What you should do
Write out the lines of the material below exactly, beginning at the line with "Schwarzer Turmalin Anhänger, tropfenförmig" and stopping after the line with "在悉尼主街喬治街上，親共暴徒", and leave out the pictures.

Records for the exercise
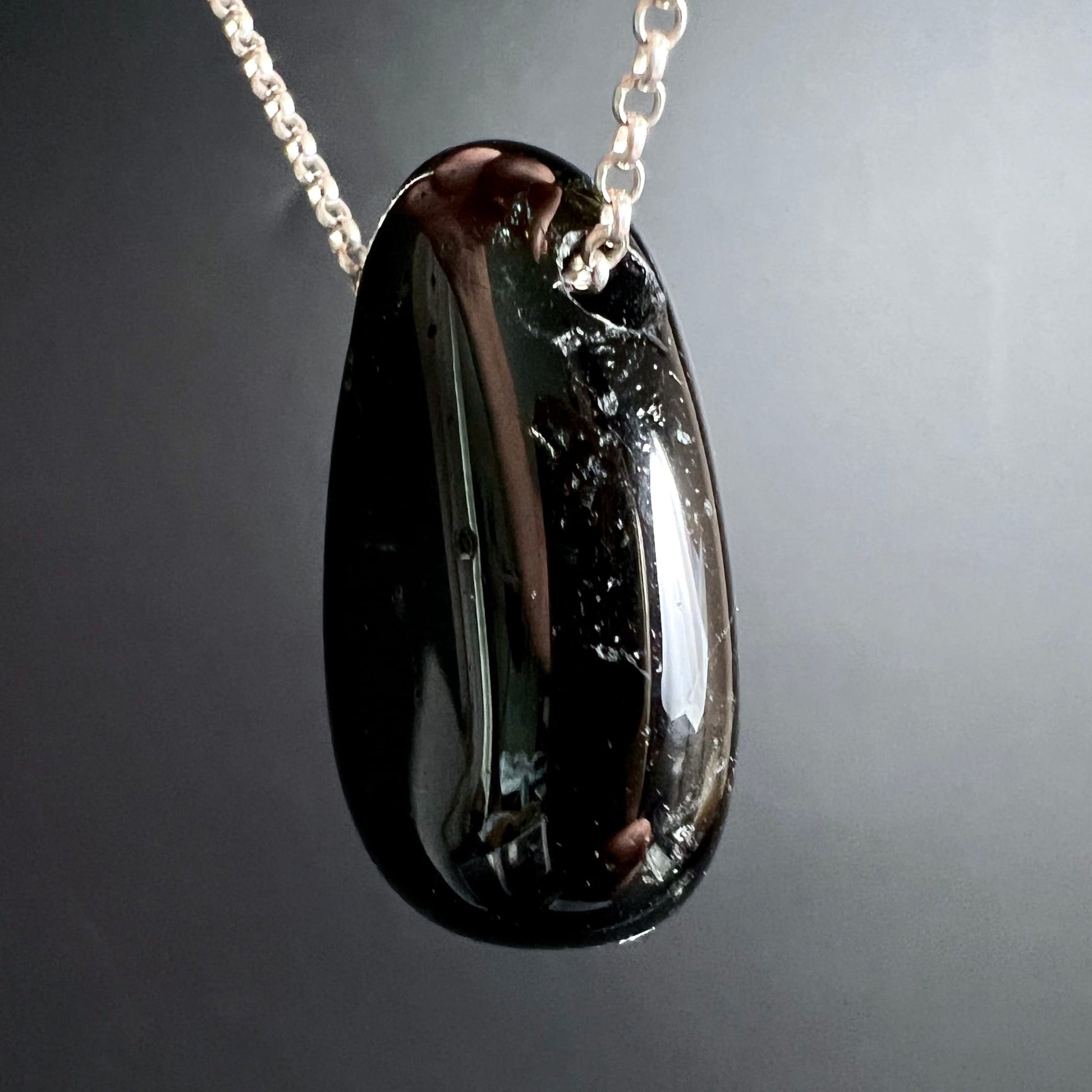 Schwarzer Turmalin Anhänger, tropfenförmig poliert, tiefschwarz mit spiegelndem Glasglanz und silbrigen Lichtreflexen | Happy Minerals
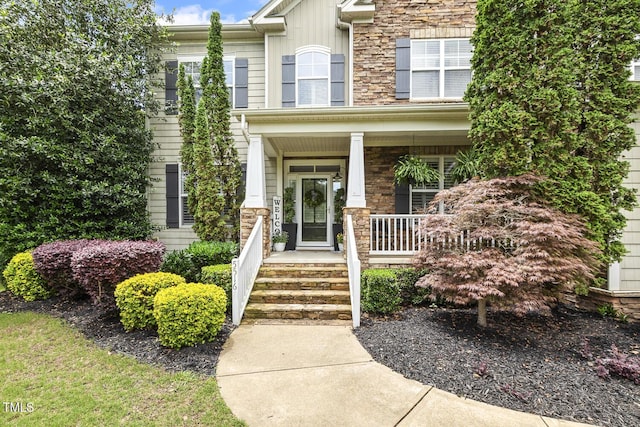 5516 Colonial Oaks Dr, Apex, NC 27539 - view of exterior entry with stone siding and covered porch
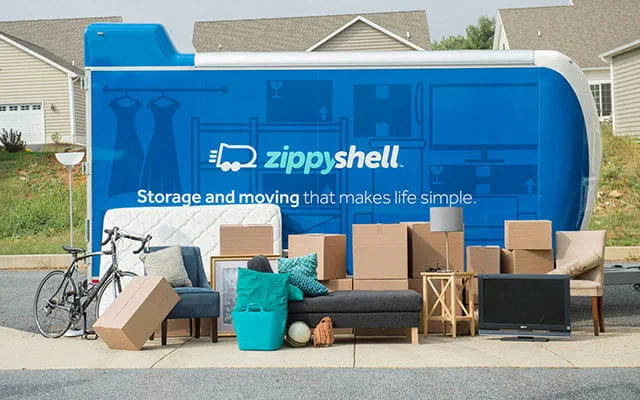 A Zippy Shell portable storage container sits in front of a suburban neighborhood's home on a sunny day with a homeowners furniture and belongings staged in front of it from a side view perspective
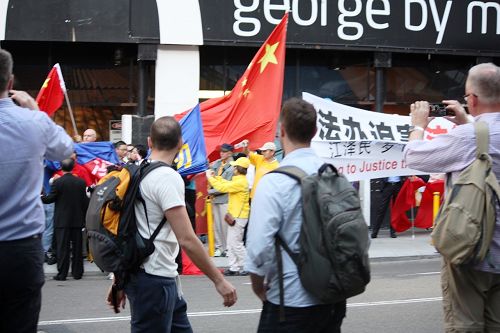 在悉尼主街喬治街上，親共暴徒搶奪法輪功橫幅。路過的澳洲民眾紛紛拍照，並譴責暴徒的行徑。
* * *
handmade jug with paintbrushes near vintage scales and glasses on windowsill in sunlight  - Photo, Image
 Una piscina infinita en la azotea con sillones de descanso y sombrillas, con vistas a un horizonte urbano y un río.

Problem solution
 Schwarzer Turmalin Anhänger, tropfenförmig poliert, tiefschwarz mit spiegelndem Glasglanz und silbrigen Lichtreflexen | Happy Minerals
 5516 Colonial Oaks Dr, Apex, NC 27539 - view of exterior entry with stone siding and covered porch
 A Zippy Shell portable storage container sits in front of a suburban neighborhood's home on a sunny day with a homeowners furniture and belongings staged in front of it from a side view perspective
 在悉尼主街喬治街上，親共暴徒搶奪法輪功橫幅。路過的澳洲民眾紛紛拍照，並譴責暴徒的行徑。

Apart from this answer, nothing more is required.